Now, you might say that this was the tragic result of Republicans merely looking to hire the "most qualified." African-Americans, I'm to believe, simply are inferior attorneys compared to their White peers (but this does not in any way implicate a racist mentality among the evaluators--no sir). Whatever--when the skew is this blatant, the meritocracy objection is facially ridiculous. But regardless, the department actually seems relatively unconcerned with merit: filling its spaces with partisan hacks is the top concern.

I've written previously about how political considerations create a particular cognitive dissonance for conservative adherents to the color-blind philosophy. Aside from the empirical observation that "color-blind" policies miraculously seem to replicate the same distributional outcomes as their white supremacist ancestors, the big problem is that conservatives are willing to jettison merit--and even color-blindness itself--upon the altar of the political interests of a largely White male party. I have no doubt that if Bush's DOJ saw a Black applicant who was willing to carry water for their racially regressive policies in the Civil Rights Division, they'd jump at the opportunity, because he would be the ultimate in political and racial expediency.
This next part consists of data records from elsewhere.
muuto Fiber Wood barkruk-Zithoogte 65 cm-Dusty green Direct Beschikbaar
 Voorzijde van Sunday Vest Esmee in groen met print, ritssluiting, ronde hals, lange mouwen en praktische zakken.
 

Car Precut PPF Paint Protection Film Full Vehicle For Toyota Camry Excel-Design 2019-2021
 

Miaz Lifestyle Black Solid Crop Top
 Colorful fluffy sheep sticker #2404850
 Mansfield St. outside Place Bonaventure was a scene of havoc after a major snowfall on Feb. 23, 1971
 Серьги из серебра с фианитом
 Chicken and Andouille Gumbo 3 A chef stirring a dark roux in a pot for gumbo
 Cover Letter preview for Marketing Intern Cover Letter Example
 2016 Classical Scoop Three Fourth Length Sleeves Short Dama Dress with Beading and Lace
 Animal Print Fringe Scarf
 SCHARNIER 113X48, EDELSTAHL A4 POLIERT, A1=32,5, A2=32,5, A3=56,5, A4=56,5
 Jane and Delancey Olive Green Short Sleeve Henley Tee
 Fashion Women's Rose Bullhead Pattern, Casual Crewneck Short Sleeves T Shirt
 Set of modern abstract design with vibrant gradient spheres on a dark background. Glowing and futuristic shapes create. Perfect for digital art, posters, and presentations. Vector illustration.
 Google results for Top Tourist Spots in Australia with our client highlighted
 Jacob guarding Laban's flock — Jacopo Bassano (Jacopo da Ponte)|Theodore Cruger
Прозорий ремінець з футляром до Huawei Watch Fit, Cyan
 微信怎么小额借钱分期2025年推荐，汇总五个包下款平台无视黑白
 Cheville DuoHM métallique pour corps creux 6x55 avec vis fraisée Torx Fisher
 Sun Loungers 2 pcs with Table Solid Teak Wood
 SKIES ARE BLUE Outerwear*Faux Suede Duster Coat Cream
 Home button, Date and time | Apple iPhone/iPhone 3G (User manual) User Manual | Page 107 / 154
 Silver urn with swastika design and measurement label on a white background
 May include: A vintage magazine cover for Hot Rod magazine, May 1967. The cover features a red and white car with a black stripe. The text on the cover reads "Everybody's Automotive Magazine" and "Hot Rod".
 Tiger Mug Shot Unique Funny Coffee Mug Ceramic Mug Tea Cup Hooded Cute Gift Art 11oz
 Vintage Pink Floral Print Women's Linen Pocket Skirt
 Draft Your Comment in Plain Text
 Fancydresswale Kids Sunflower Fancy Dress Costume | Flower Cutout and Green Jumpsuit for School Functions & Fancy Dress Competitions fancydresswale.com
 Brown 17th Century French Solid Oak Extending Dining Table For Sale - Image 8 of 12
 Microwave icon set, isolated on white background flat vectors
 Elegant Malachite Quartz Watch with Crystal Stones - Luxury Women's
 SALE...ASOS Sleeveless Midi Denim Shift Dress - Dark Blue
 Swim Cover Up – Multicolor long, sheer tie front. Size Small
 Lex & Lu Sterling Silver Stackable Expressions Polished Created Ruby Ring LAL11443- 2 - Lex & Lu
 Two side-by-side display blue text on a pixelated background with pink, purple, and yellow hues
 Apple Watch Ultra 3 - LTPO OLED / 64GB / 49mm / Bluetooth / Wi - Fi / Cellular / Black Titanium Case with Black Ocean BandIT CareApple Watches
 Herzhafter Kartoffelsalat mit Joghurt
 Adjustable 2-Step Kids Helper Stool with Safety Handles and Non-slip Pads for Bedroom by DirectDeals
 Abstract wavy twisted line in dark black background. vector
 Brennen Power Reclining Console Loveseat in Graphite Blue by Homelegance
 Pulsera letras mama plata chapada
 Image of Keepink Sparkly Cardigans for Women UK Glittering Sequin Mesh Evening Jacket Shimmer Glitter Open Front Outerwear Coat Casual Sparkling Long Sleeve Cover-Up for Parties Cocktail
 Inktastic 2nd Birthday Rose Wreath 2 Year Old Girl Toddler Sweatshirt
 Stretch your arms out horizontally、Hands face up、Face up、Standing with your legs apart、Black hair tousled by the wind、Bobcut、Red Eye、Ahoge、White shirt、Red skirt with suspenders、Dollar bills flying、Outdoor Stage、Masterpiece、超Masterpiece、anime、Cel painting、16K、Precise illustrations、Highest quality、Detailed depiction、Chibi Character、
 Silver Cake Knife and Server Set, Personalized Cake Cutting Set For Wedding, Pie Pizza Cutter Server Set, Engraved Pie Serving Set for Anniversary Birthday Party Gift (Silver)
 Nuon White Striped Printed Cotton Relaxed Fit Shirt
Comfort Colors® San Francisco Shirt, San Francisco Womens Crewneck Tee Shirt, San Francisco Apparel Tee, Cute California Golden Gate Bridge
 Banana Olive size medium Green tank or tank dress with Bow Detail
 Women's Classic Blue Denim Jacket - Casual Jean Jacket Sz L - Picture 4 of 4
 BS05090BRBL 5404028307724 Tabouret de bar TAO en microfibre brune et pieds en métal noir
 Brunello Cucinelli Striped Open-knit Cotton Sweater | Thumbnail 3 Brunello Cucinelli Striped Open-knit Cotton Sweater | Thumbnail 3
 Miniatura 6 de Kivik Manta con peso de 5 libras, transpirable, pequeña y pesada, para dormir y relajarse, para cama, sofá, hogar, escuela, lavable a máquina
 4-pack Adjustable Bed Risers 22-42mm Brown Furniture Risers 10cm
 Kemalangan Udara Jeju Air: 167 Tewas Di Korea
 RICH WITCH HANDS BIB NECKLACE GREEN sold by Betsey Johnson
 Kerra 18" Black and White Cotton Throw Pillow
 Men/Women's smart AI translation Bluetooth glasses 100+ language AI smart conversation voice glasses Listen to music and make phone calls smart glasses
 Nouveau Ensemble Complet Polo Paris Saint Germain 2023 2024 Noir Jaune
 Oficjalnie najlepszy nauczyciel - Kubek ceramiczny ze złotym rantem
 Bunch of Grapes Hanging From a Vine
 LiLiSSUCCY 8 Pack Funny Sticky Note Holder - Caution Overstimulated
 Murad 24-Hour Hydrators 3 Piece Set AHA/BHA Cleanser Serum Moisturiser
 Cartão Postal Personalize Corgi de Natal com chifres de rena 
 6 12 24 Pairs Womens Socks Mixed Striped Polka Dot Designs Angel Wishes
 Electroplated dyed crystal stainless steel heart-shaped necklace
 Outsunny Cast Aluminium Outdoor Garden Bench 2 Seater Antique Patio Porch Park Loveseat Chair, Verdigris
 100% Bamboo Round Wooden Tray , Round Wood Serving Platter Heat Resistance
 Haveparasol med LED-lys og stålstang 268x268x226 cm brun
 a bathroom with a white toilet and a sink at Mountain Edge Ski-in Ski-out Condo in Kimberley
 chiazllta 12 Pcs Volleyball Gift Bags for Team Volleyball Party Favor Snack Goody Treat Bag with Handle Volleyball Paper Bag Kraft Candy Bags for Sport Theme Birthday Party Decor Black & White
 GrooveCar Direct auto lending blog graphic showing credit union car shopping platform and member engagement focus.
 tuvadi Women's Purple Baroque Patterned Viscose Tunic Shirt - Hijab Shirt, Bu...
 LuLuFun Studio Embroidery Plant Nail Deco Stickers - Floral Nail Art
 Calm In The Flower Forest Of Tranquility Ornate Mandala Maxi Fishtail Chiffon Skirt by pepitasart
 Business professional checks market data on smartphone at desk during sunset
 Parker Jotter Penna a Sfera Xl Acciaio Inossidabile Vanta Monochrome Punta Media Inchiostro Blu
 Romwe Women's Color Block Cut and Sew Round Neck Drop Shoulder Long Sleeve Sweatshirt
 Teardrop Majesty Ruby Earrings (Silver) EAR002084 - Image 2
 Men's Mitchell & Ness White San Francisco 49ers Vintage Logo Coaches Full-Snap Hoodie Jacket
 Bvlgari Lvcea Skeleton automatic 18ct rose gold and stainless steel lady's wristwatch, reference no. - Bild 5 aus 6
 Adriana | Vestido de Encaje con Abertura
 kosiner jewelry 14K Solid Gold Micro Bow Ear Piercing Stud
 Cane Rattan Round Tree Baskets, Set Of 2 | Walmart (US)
That's color-consciousness too, but of a perverted and twisted kind--it recognizes identity politics only to the extent they can exploit them.

It's wrong, and hopefully a new, Democratic DOJ will be able to restore and rebuild the department from the decimation it is receiving at the hands of Bush and his lackeys.

1 comment:

PG said...

To be frank, it's also weird not to have hired any African Americans for the civil rights division because, well, in my observation people of color -- especially African Americans -- are disproportionately interested in civil rights. ("Disproportionate" in the sense that I see a greater percentage of the African Americans in law schools going into such work than I do graduates of other races.) While it's a bad idea to *assume* any individual black person would be interested in such work -- Clarence Thomas has been rather bitter about this -- in the aggregate it starts looking strange. On the other hand, perhaps the sort of African American who is attracted to civil rights work is unlikely to be sympathetic to Bush's position on it. Certainly Bush has had African Americans in some high profile positions; they just tend to be jobs where race is unlikely to come into play.